I personally feel that FD metrics that have clear univariate analogues are
easier to grasp, and justify. I must admit that I'm not so keen on
tree-based metrics, unless one can finally explain to me why it would be
useful to first cluster species (and thus to distort trait space) when one
is not actually interested in forming functional groups in the first place.
If someone has an answer to this, I'd greatly appreciate you sharing it,
because I never quite understood it.



-----Original Message-----
From: r-sig-ecology-bounces at r-project.org
[mailto:r-sig-ecology-bounces at r-project.org] On Behalf Of Jari Oksanen
Sent: Wednesday, 17 November 2010 2:38 PM
To: chris mcowen; r-sig-ecology at r-project.org
Subject: Re: [R-sig-eco] Quantifying functional trait diversity through
Gowerdistance and pcoa

Chris,

Here some random exegeses:

You should be aware that functional diversity seems to be dangerous field
where you cannot do the right thing: there are different schools of thought,
and you can always get a "wrong referee" what ever you do. Be warned. The
major difference seems to be between tree-based and ordination-based
(distance based) approaches. Some other, perhaps even more dangerous fields,
are distance decay (Mantel) vs. variation partition (RDA) where you will be
shot down by a "wrong referee" what ever you do. Even after you change your
manuscript following one referee, the other referee burns you because you
did so. Beta diversity is still one dangerous example that is hot to touch.
You better read the literature very carefully.

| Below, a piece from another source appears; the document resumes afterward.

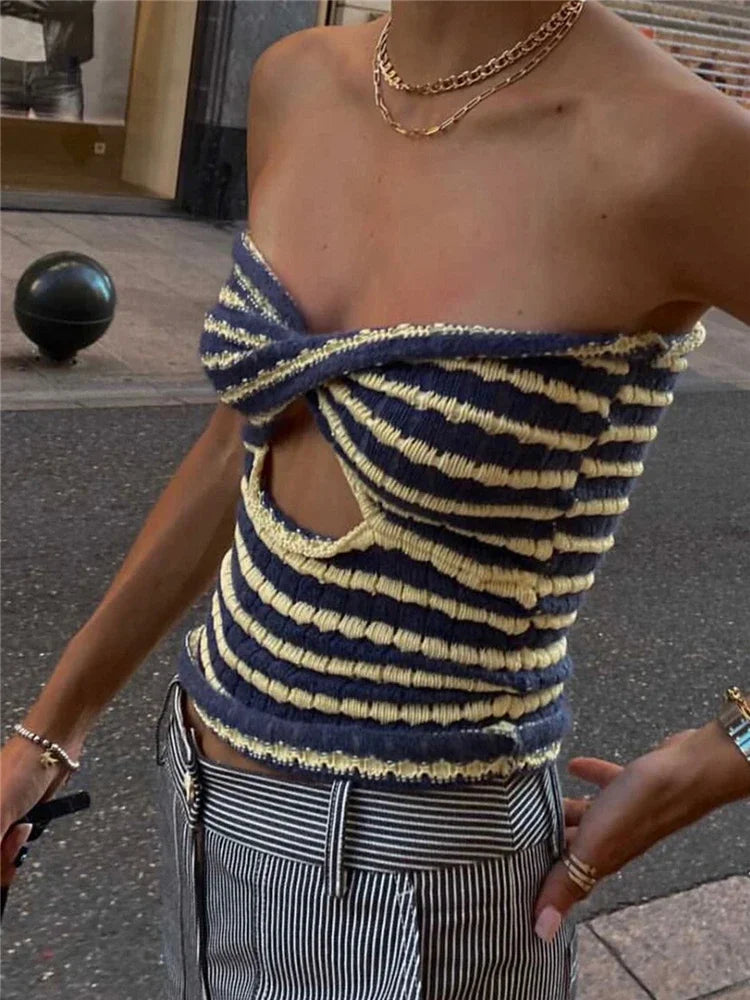 KIARA KNIT TOP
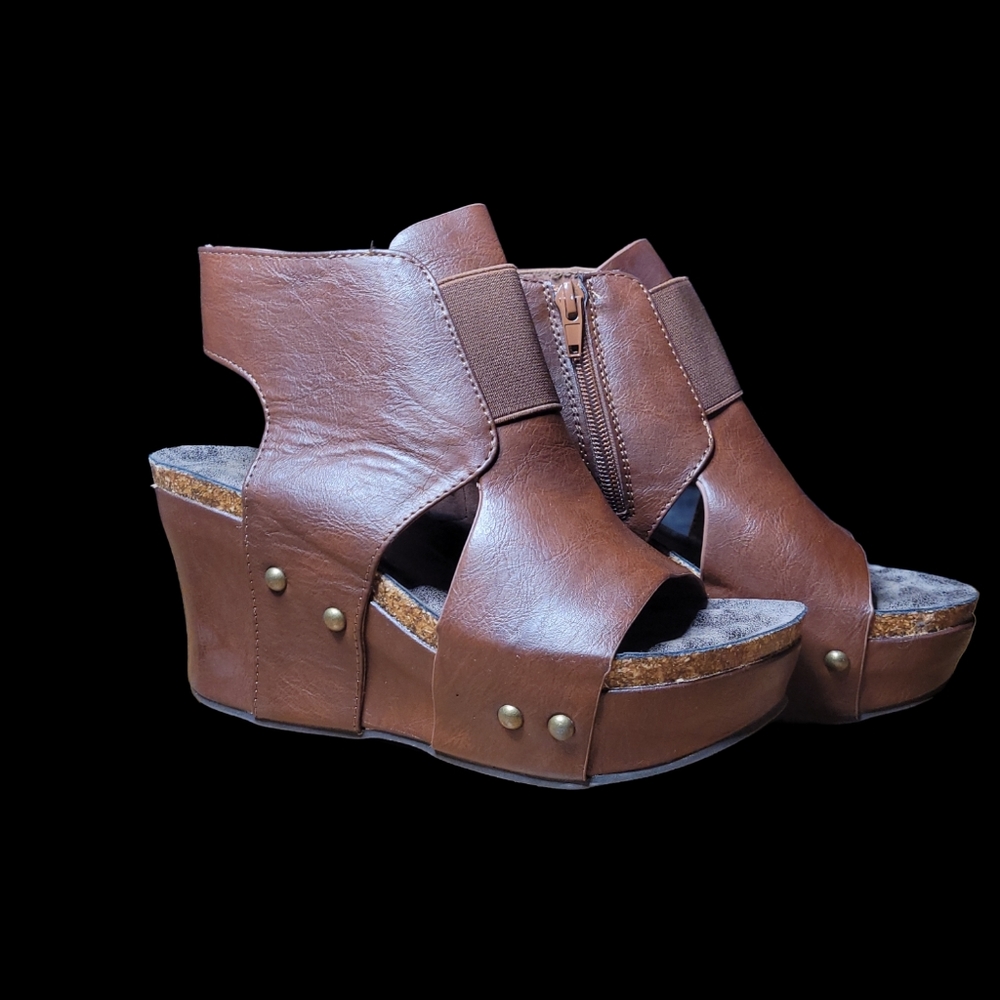 Pierre dumas 4in wedge size 6.5 brown NWOT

I find it curious that the same things have been invented in a bit different
disguise in several fields of ecology s.lat. Aquatic and marine ecologists
have taxonomic diversity which seems to be exactly the same thing except it
uses taxonomy instead of traits. Mycologists and microbiologist have
phylogenetic diversity since they don't have traits and don't know the
"species", but they only have OTUs, sequences and phylogenies. Terrestrial,
aquatic and microbial ecologists do not read the same journals and so they
reinvent parallel variants of similar things and use different words and
names.  

Finally, if you make your traits into distances (dissimilarities), it is
best to see what Marti Anderson tells you to do with them. She has ideas for
full space analysis of differences (like adonis in vegan), for full space
analysis of dispersion (like betadisper in vegan), and for reduced space
analysis (like db-RDA as in capscale in vegan). All these use the geometry
of PCoA/ classic MDS/ metric MDS, although this is not always visible to the
surface:. The full space analyses by Marti Anderson even handle the
imaginary dimensions (associated with negative eigenvalues in metric MDS)
within the function which may be very hard to handle with explicit PCoA.